Writer without spectacles

Please, don’t get me wrong: this is not a note to add to the established image of a writer. This is a short blog post written by a writer without spectacles.
Spectacles and hat – the main attributes for the sacred ritual of writing through writer’s block (for those who believe such thing exists), and I am sure it does especially in the first years of writing. In some way, I can assure I saw it like one sees a shadow on the dimly lit street in midnight on Halloween. Could be just a vision and yet, what if it was real?!
Another combo to add to the attributes is a cup of steaming drink and a cheap tobacco cigar. Maybe a typewriter.
Well, from all the possible attributes I have only fake pair of spectacles, hat, and a cup of steaming coffee at my side.

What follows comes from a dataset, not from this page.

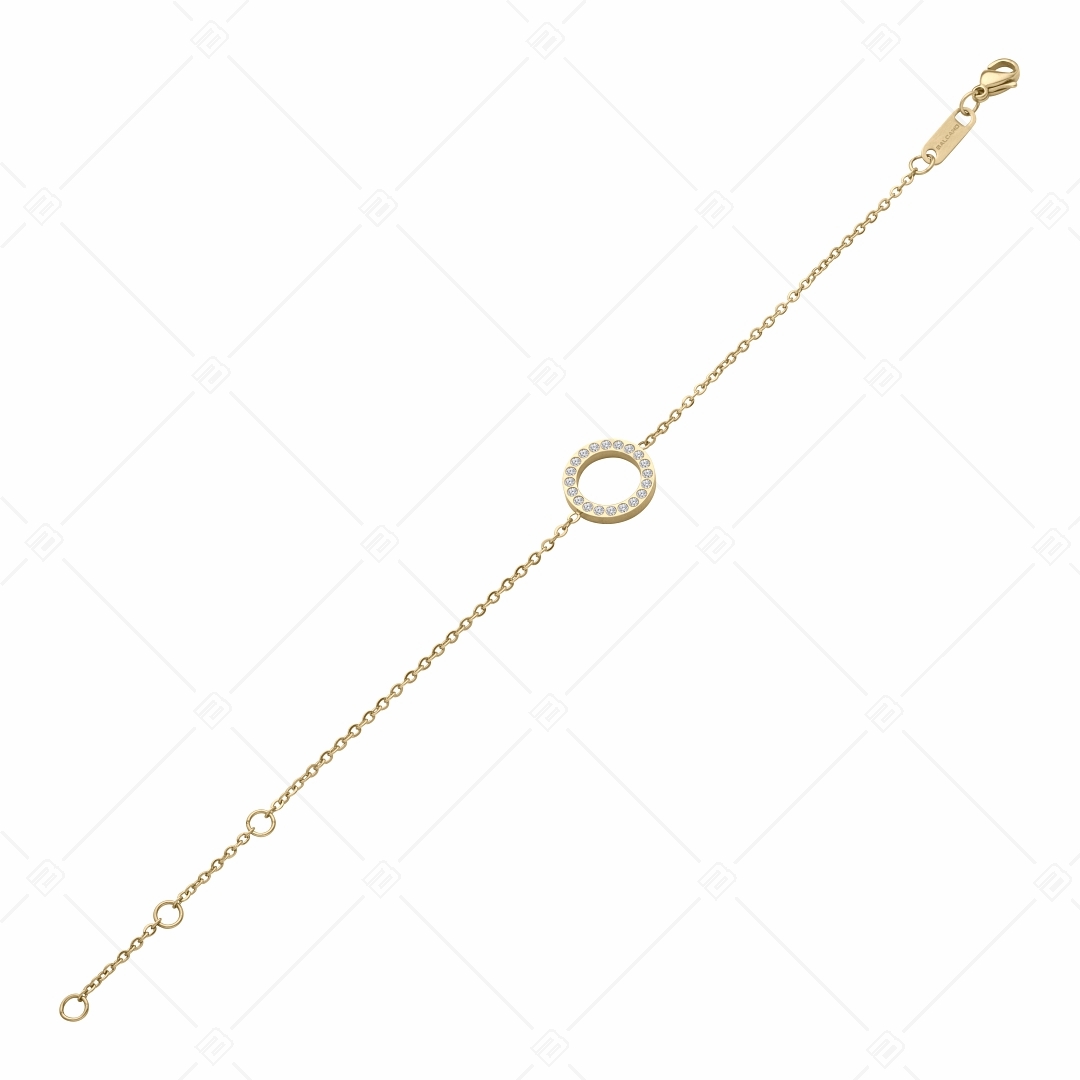 BALCANO - Veronic / Edelstahl Armband mit rundem Zirkonia Edelstein Anhänger, 18K Vergoldung (441106BC88)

And this should be more than enough to pull me through the muddy feeling of writer’s block.
Again, don’t get me wrong: this is not an attempt to talk about writer’s block, even though this post circulates around the subject. This is me – writer without spectacles, talking.
How long does it take to write a book?
I know the answer that terrifies and at the same time somehow assures me:
it takes a whole life to write a book, even if it is fifteen books in a row.
The prospect of writing a book my entire life does not really feel like a win to me, but now, after nine years of writing in foreign language, failing 19 written in frenzy and with childish shaking hand books, and accidently having written a hundred of pieces of poetry and poems, I can see the bright side in all ‘a whole life to write a book’ thing.
Because I still have my life to write my book.
Why writer without spectacles?
Interesting fact: spectacles help me to write better. I have a pair of fake spectacles in my drawer for the times when my thoughts get stuck and I still need to produce a few pages of something decent. In the hardest times, I add a hat.
Sometimes, I dress up in a man and write under cloud of genderless F J Haddley identity.
And since I don’t need spectacles in my daily life, I have a private joke that is humourless and stupid: I call myself a writer without spectacles.
Everyone has their own way of producing thousands and thousands of words weekly and managing their stories on the plain white sheets of digital documents. Whether it be a fake pair of spectacles or a cup of coffee or a cheap tobacco cigar or exercising on a typewriter. And my mentioning of writer’s block in this senseless blog post today is not an accident. Maybe in this you can see short way out of your writing predicament.